Text of statute as originally enacted

= Customs Tariff Act 1855 =

Act of the Parliament of the United Kingdom

The Customs Tariff Act 1855 (18 & 19 Vict. c. 97) was an act of the Parliament of the United Kingdom that consolidated enactments related to customs tariffs in the United Kingdom.

== Provisions ==
=== Repealed enactments ===
Section 8 of the act repealed 6 enactments, listed in that section.

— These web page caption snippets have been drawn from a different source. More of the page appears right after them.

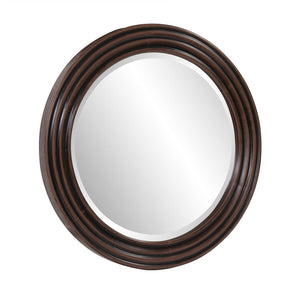 Howard Elliott Fredrick Mirror - Handcrafted Mahogany Finish With Deep Ribbed Texture, Perfect For Classic Home Decor Brown Wood 33051-howard-elliott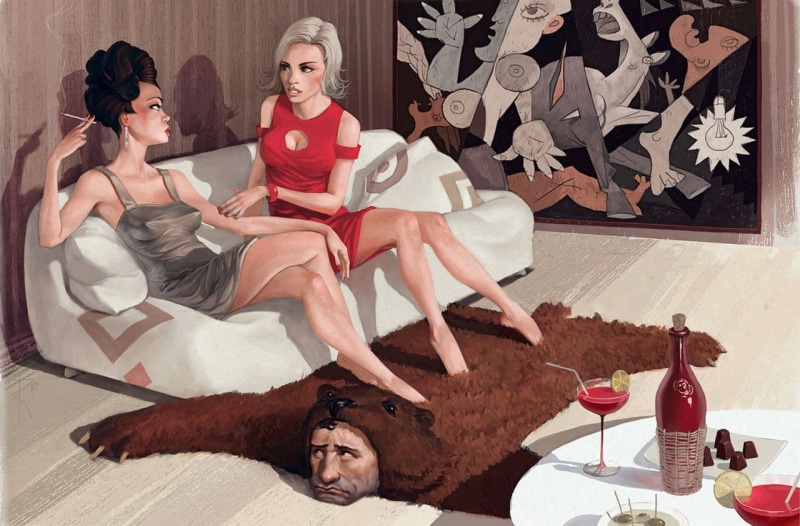 blonde, Pablo Picasso, cigarettes, Waldemar von Kazak, couch, painting, humor, barefoot, artwork, 720P, bears, men, DeviantArt, fur, brunette, red dress
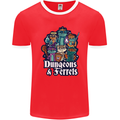 Dungeons & Ferrets Role Play Games RPG Mens Ringer T-Shirt FotL Red/White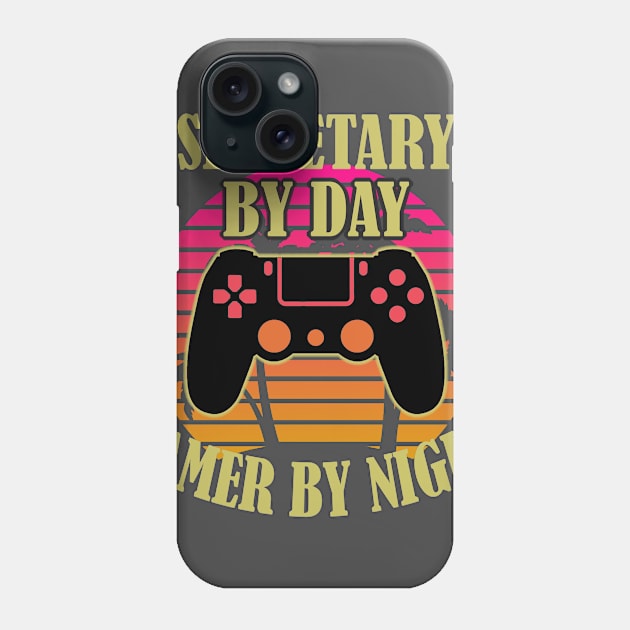 Secretary By Day Gamer By Night Phone Case by Trade Theory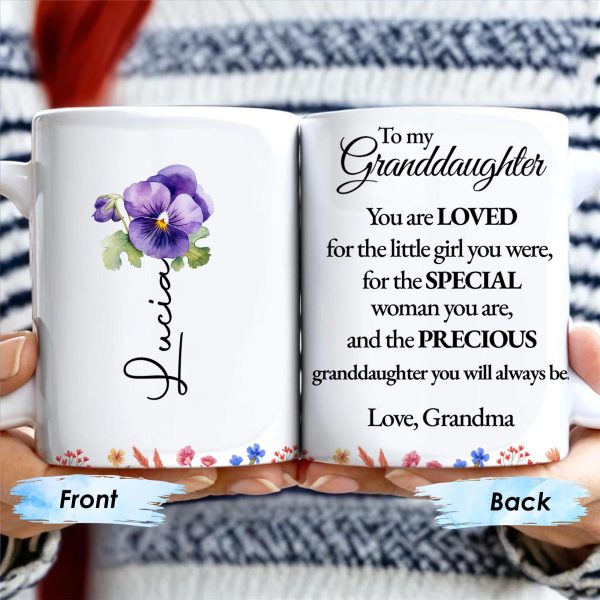 Special Love Message For Granddaughter With Beautiful Flowers - Personalized Custom Coffee Mug - GDT087_MG Special Love Message For Granddaughter With Beautiful Flowers - Personalized Custom Coffee Mug - GDT087_MG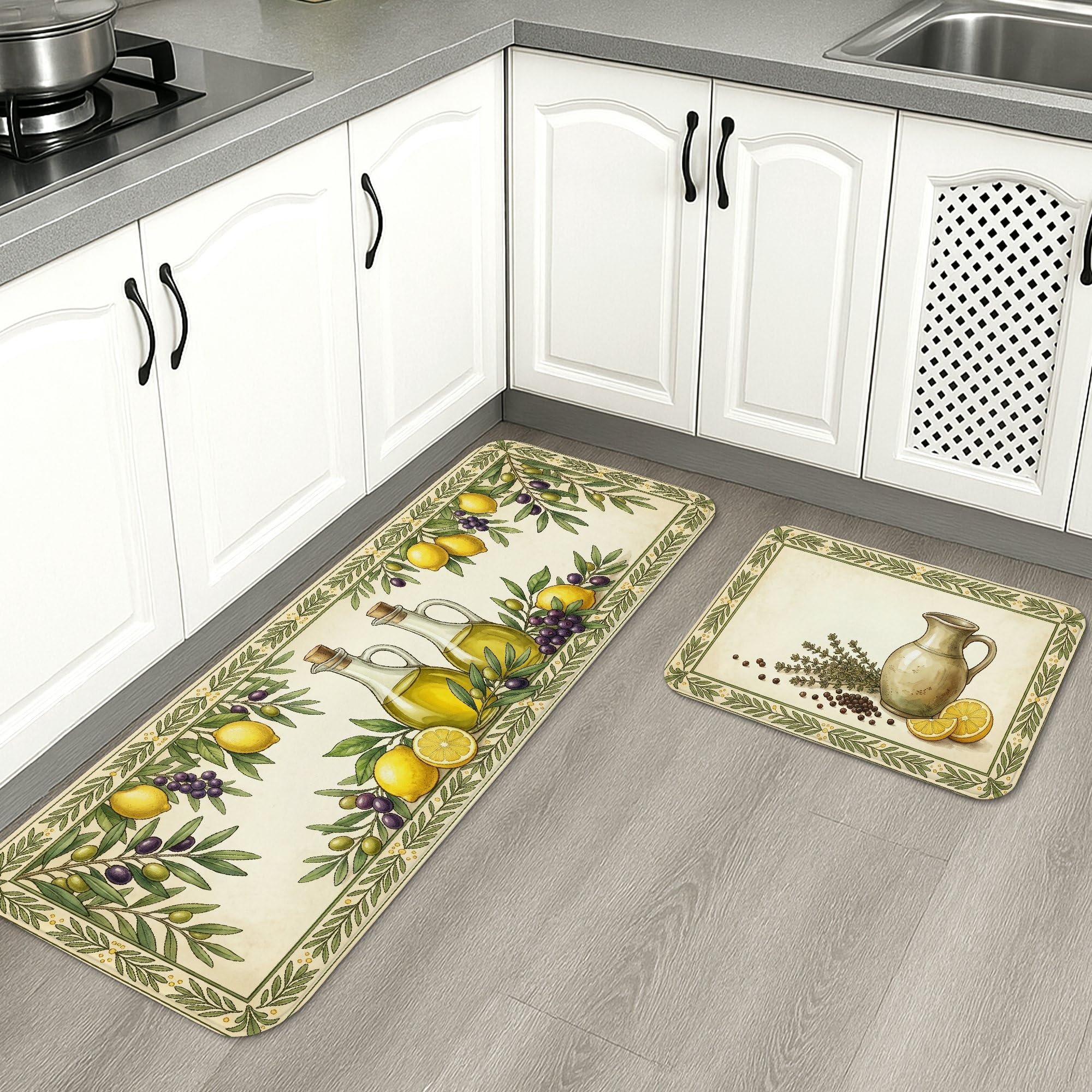 Tapis de cuisine pour sol dur : lot de 2 lavable et rembourré contre la fatigue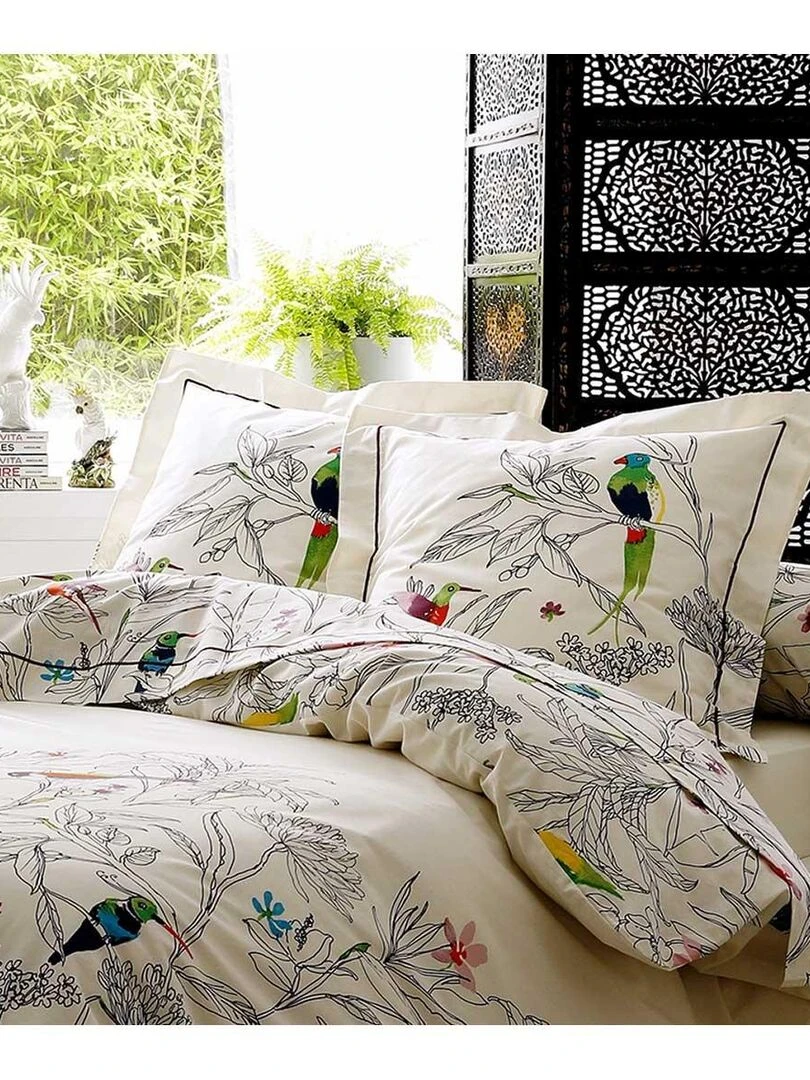 Taie d'oreiller faune et flore Ecru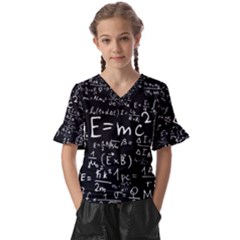 Science-albert-einstein-formula-mathematics-physics-special-relativity Kids  V-neck Horn Sleeve Blouse by Sudhe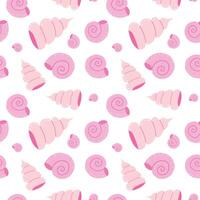 Seamless wallpaper pattern with shells. vector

| Citation | Short title | Description | Extent of repeal |
|---|---|---|---|
| 16 & 17 Vict. c. 106 | Customs Tariff Act 1853 | The Customs Tariff Act, 1853. | The whole act. |
| 17 & 18 Vict. c. 28 | Customs Act 1854 | The Act of the Seventeenth and Eighteenth Years of Her present Majesty, Chapter Twenty-eight. | The whole act. |
| 17 & 18 Vict. c. 29 | Customs (No. 2) Act 1854 | The Act of the Seventeenth and Eighteenth Years of Her present Majesty, Chapter Twenty-nine. | The whole act. |
| 17 & 18 Vict. c. 122 | Customs Act 1854 | The Act of the Seventeenth and Eighteenth Years of Her present Majesty, Chapter One hundred and twenty-two. | Sections 1 and 5. |
| 18 & 19 Vict. c. 9 | Tea Duties Decline Suspension Act 1855 | The Acts of the Eighteenth Year of Her said Majesty, Chapters Nine. | The whole act. |
| 18 & 19 Vict. c. 21 | Customs Duties Act 1855 | The Acts of the Eighteenth Year of Her said Majesty, Chapter Twenty-one. | The whole act. |

== Subsequent developments ==
The whole act was repealed by section 288 of, and schedule (A.) to, the Customs Consolidation Act 1876 (39 & 40 Vict. c. 36), which came into operation on 24 July 1876.